Building receiver depth from within

Stephen Buckley's move to wide receiver is a new sign of innovation from Mick McCall and the Northwestern offense.

Northwestern revealed this past week that Stephen Buckley would transition to the wide receiver position. The redshirt sophomore — with a career 265 rushing yards — adds to the internal search for wideout depth.

Without Christian and now Tony Jones, offensive coordinator Mick McCall and his staff knew it needed to rely on a committee of wide receivers. Buckley’s no slouch; he ran for 99 yards last year against Iowa. Still, he can make contributions to the passing game, as so many others can.

An impressive 13 players have caught passes for Northwestern this season. McCall, in replacing his top two targets, can still use a variety of weapons. He’s built up sleepers including Pierre Youngblood-Ary and Austin Carr. He’s using several backs as wideouts — a new theme for the group.

The emergence of Justin Jackson has already led to great change for the NU offense. Buckley was expected to be the No. 2 running back heading into camp. Instead, Jackson proved he could handle the bulk of carries — showing why he was considered of the team’s best commits ever.

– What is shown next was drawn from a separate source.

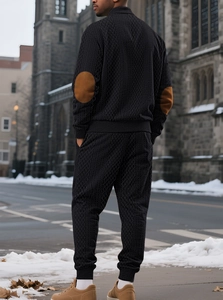 Rear view of men's black knit tracksuit featuring stylish brown elbow patch detailing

This is like the perfect test week for NU. They should blow past Western Illinois in a tune-up game while looking for new standouts. The Wildcats can start to use Buckley, and there’s no doubt they expect him to add another dimension. It’s not like last year, when Malin Jones moved to superback because they had nowhere else to put him.

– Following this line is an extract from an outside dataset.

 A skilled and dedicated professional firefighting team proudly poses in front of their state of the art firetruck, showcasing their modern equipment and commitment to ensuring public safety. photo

Buckley spoke on Wednesday about his comfort at the position. It was a combined decision, he said, with Buckley knowing that the new opportunity meant he’d be able to accomplish more on offense.

Perhaps McCall thinks that his strength lies in having a dozen guys who can catch the ball. Trevor Siemian — not necessarily the most skilled quarterback — can keep defenses honest by spreading the ball. He’s proven his comfort in doing that.

Unlike some position changes, moving Buckley is hardly a sign of resignation. Northwestern’s committed to turning this around, and the adjustments are gradually showing up.